Data provided ▸

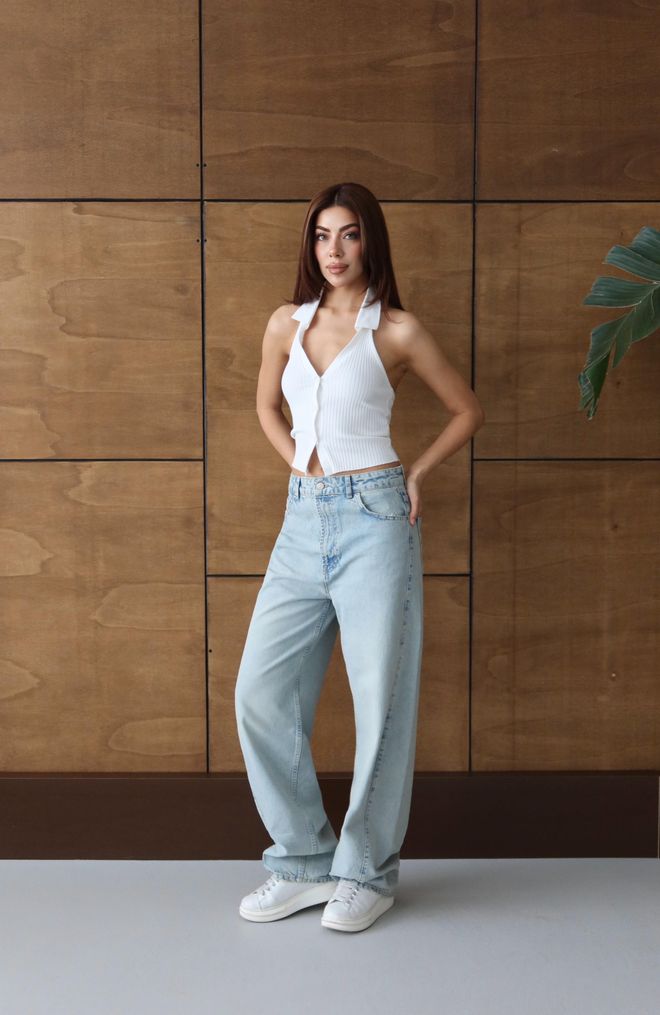 LACARINO Blauwe Casual Mom Jeans Met Wijde Pijp En Hoge Taille (Blue Casual Mom Jeans With Wide Leg And High Waist) Groothandel Kleding Lounge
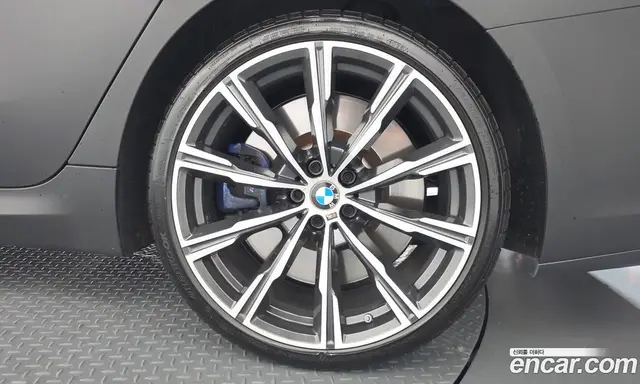 BMW 8 серия 2022 4.4 автомат (гидро), миниатюра 7 BMW 8 серия 2022 4.4 автомат (гидро), миниатюра 7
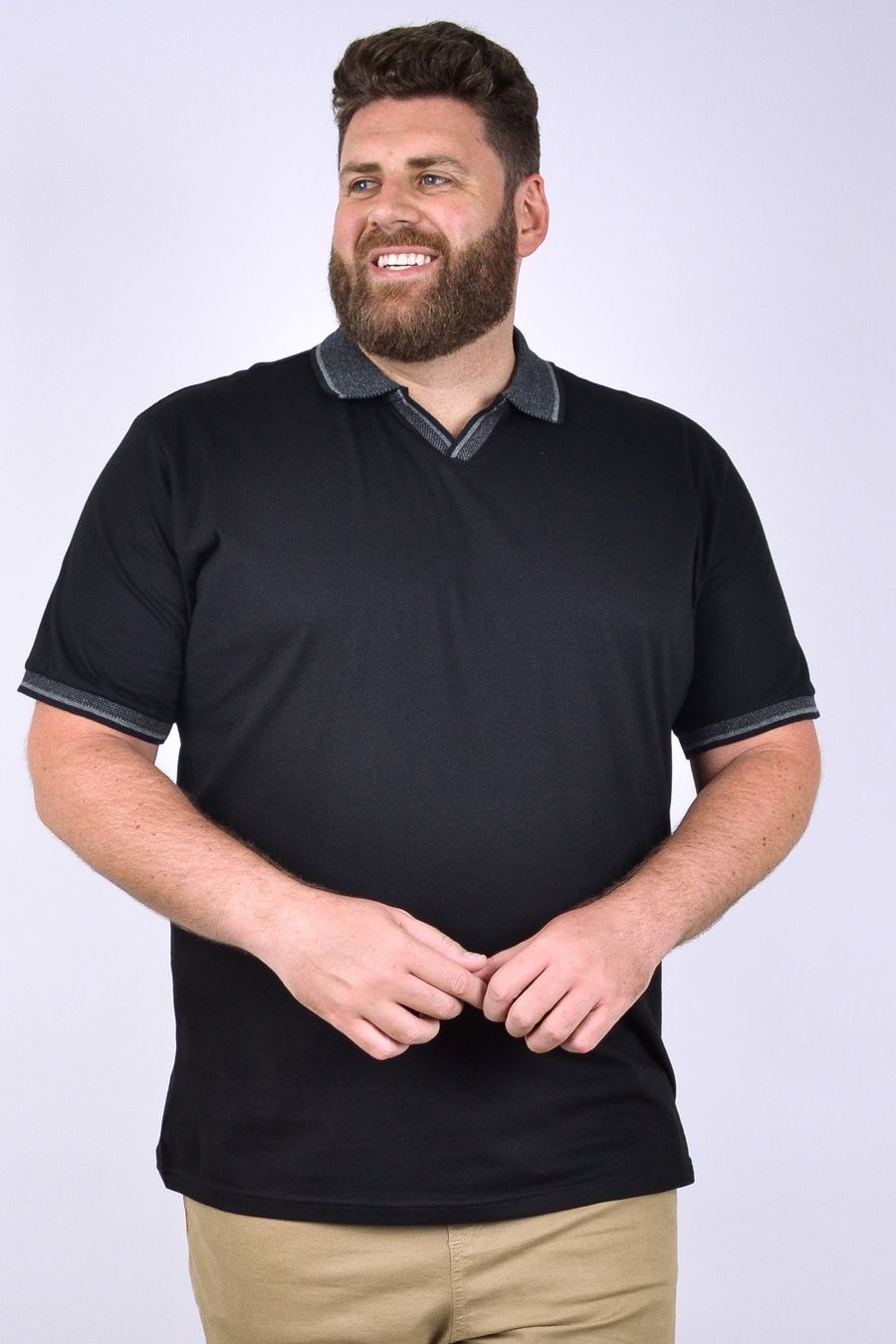 Polo masculina manga curta em meia malha preto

What to do ▸
Reproduce the whole listing above word for word, dropping each image.

Solution for this task ▸
 LACARINO Blauwe Casual Mom Jeans Met Wijde Pijp En Hoge Taille (Blue Casual Mom Jeans With Wide Leg And High Waist) Groothandel Kleding Lounge
 BMW 8 серия 2022 4.4 автомат (гидро), миниатюра 7 BMW 8 серия 2022 4.4 автомат (гидро), миниатюра 7
 Polo masculina manga curta em meia malha preto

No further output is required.